八話 火の海
「ぎゃぁぁぁぁぁぁ!」
「誰か助けてぇぇぇぇ!!」
「っ……」
私は部屋の隅っこで膝を抱えながら震えていた。
外から聞こえてくるのは住人の叫び声。まわりはだんだんと火の海に包まれていく。
幸い、火はここまで来ていない。が、団子屋が焼け落ちるのも時間の問題かもしれない。
妖の数はどのくらいなのだろうか。私が本物の巫女なら妖くらい簡単に払えたのに……。
こんな時でさえ私は役立たずの巫女なのか。
困っている人がいる。助けを求めている人がいる。それなのに私は何も出来ない。
私に出来るのは、ただ庵様が無事に帰るのを祈ることだけ。
「もしかしたら、お父さんが巻き込まれてるかもしれない。やっぱり僕、外に出る!」
「駄目っ……! 庵様にも外に出るなと言われたでしょ?」
ここで龍くんすら守れないのなら、私の存在価値は今度こそ無くなってしまう。
庵様にも子供一人すら守れない女なんか必要ないって……そう言われて、桜ノ国を追い出されてしまうんだ。

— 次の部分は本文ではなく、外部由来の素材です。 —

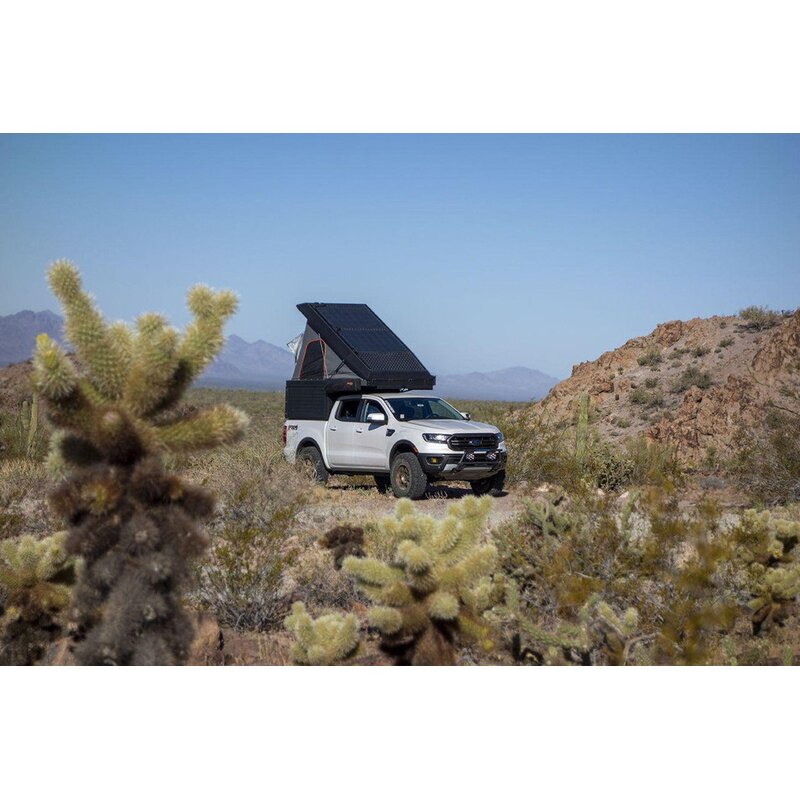 Pop up Camper Supplier - Slide on Truck Campers Luxury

私は庵様に救われた。けれど、庵様に拒絶されれば、私は今度こそ居場所を失ってしまう。
せっかく心地いい場所を見つけたのに。ここから離れるのは嫌だ。
「僕なら大丈夫だよ。だって、かなり火は広がってるのに、ここ一帯は無傷でしょ?」
「えっ?」
それは、たまたま運が良かったか。もしくは火から一番遠くて、妖もあまり居ないから……そう思っていた。
「今頃、お父さんは僕を探して走り回ってるかもしれないし。僕、そろそろ行くね」
「龍く……っ……」
身体が動かない? どうして?
「龍くん、待って……!!」
「お姉さん、少しの間だけど僕と遊んでくれてありがとう。お姉さんが僕を中に入れてくれたからこそ、こんなに楽しいことが出来たんだよ」
「それって、どういう……」
「お姉さんの行動が今の状況を作り出したってこと。お姉さん、バイバイ。……次はお互い生きて会えるといいね」
「まっ……」
私が龍くんを桜ノ国に入れたから、こんな状況になった?
ねぇ、それってどういうことなの?
私が聞こうにも龍くんは私の前から姿を消した。身体は未だに言うことを聞かない。
私、このまま死ぬの? いやだ。死にたくない。
……死にたくない?
あれだけ死ぬことを望んでいた私が?
すぐ近くでパチパチと焼けるような音がする。
「まさか……い、やっ……」
燃えている屋根が私めがけて落ちてきた。
「誰か、助けて……」
私は死ぬ覚悟を決め、目を瞑った。